Federal Government Awards Billions in No-Bid COVID PPE Contracts, Often to Politically Connected Companies
In June 2020, NPR analysis revealed that the federal government had awarded over 250 COVID-19 related contracts worth more than $1 million each without full competitive bidding, totaling billions of dollars in federal spending. Many contracts went to companies with no experience in medical equipment, some with direct political connections to the Trump administration. The contracts included widespread price gouging (markups of 50-1,300%), defective equipment, and outright fraud, exposing how public health emergencies become profit opportunities for politically connected contractors while regulatory oversight collapses.
No-Bid Contract Epidemic: Billions Without Competition
NPR’s investigation identified systematic bypassing of competitive procurement processes:
Scale of Non-Competitive Contracting:
- 250+ contracts worth over $1 million awarded without full competitive bidding
- Billions of dollars in federal spending through emergency procurement waivers
- Contracts awarded within days or weeks, bypassing normal vetting processes
- Emergency authorities invoked to justify avoiding standard oversight
Justification: Federal agencies claimed emergency conditions required rapid procurement, but:
- Many contracts went to companies with no relevant experience or equipment
- Political connections appeared more important than capability or expertise
- No evidence rapid procurement improved supply or reduced shortages
- Competitive bidding could have occurred within reasonable emergency timeframes
Notable Examples: Political Connections and Inexperience
Several high-profile contracts exemplified the pattern of political favoritism and contractor incompetence:
Federal Government Experts LLC: $34.5 Million for Nothing
The Contract:
- Awarded $34.5 million no-bid contract for medical supplies
- Company had no prior experience selling medical equipment
- No website, minimal business history, newly formed LLC
- Contract later canceled after company failed to deliver supplies
Outcome:
- Company never delivered contracted PPE
- Federal government eventually recovered funds after cancellation
- No criminal charges filed despite apparent fraud
Zach Fuentes LLC: Former Trump Deputy Chief of Staff
The Connection:
- Zach Fuentes served as President Trump’s deputy chief of staff
- Left White House, formed LLC, immediately won $3 million federal contract
- Contract for respirator masks to the Navajo Nation
The Problems:
- No prior experience in medical equipment or supply chain
- Contract awarded based on political connections, not expertise
- Represented clear conflict of interest and potential corruption
- Congressional investigators flagged as “suspicious”

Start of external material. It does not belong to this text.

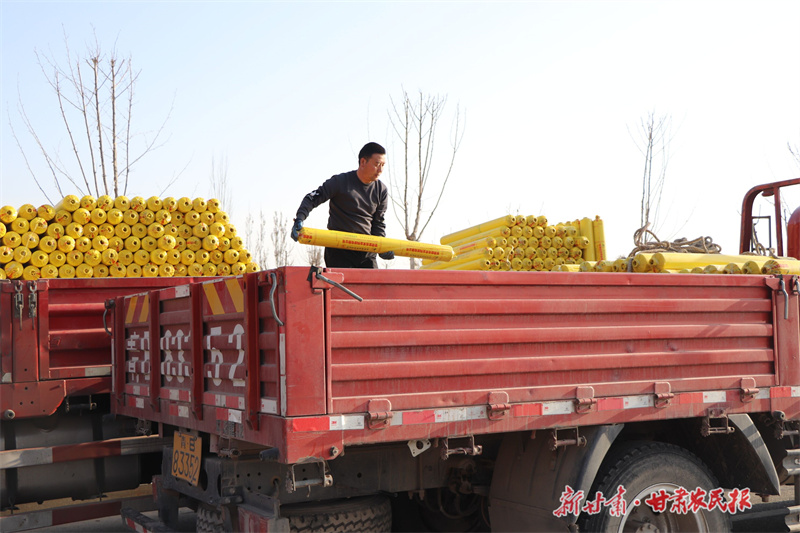 静宁县：为农民免费发放400吨农膜助春耕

Fillakit LLC: $10.2 Million for Non-Existent Medical Equipment
The Contract:
- $10.2 million contract for COVID test collection kits
- Company was a novelty marketing firm specializing in “make your own whiskey” kits
- No medical equipment experience or regulatory approvals
- Contract awarded through emergency procedures
The Outcome:
- Failed to deliver functional medical supplies
- Products delivered were defective or inappropriate for medical use
- Contract eventually terminated, partial recovery of funds
Price Gouging: 50-1,300% Markups
The Department of Justice’s COVID-19 Hoarding and Price-Gouging Task Force documented extreme price inflation:
Documented Markups:
- Masks sold at 50-1,300% above normal market prices
- N95 respirators: Normal price ~$1, gouged price $10-15+
- Surgical masks: Normal price ~$0.10, gouged price $1-2+
- Hand sanitizer: Normal price ~$3, gouged price $30-60+
Prosecution Examples:
New Jersey Cases: The U.S. Attorney’s Office for the District of New Jersey charged 18 defendants in one year with:
- Price gouging on masks, sanitizer, and PPE
- Hoarding essential supplies to create artificial scarcity
- Fraudulent schemes claiming to have supplies for sale
- False advertising and wire fraud related to COVID products
Southern and Eastern Districts of New York: High-profile cases involved companies charging between 50-1,300% markups on masks, with some prosecutions under Defense Production Act authorities.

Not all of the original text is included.